> [PROBLEM TO SOLVE]
In the entries below, find the line with "Hello friends, welcome" and the line with "In this video". Print those two and everything between them exactly, and nothing else.

> [RECORDS FOR PROCESSING]
= = =

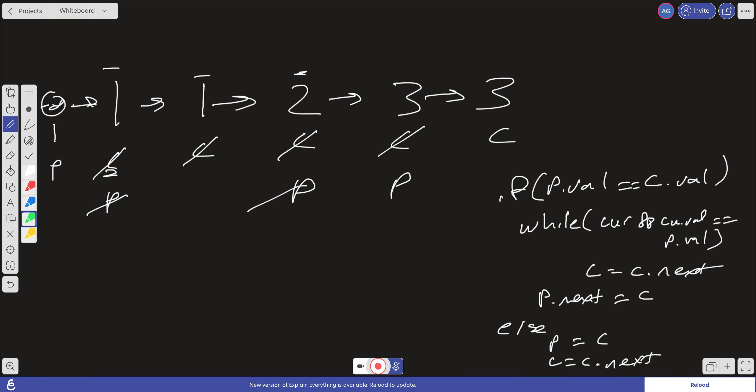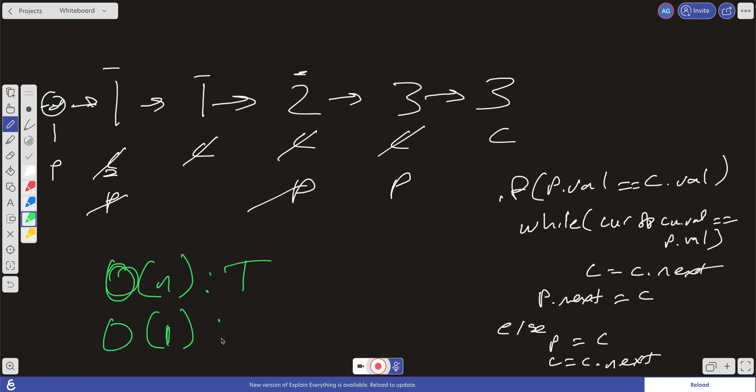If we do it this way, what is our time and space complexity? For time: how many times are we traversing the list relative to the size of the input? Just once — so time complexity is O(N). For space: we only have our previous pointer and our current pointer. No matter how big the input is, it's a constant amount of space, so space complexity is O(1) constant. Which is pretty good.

= = =

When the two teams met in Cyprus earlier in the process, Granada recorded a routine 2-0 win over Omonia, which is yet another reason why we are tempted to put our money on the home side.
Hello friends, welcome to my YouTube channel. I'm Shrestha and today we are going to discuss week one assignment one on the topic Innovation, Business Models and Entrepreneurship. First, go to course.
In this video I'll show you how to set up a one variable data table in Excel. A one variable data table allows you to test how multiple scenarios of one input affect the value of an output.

= = =

> [WRITTEN RESPONSE]
Hello friends, welcome to my YouTube channel. I'm Shrestha and today we are going to discuss week one assignment one on the topic Innovation, Business Models and Entrepreneurship. First, go to course.
In this video I'll show you how to set up a one variable data table in Excel. A one variable data table allows you to test how multiple scenarios of one input affect the value of an output.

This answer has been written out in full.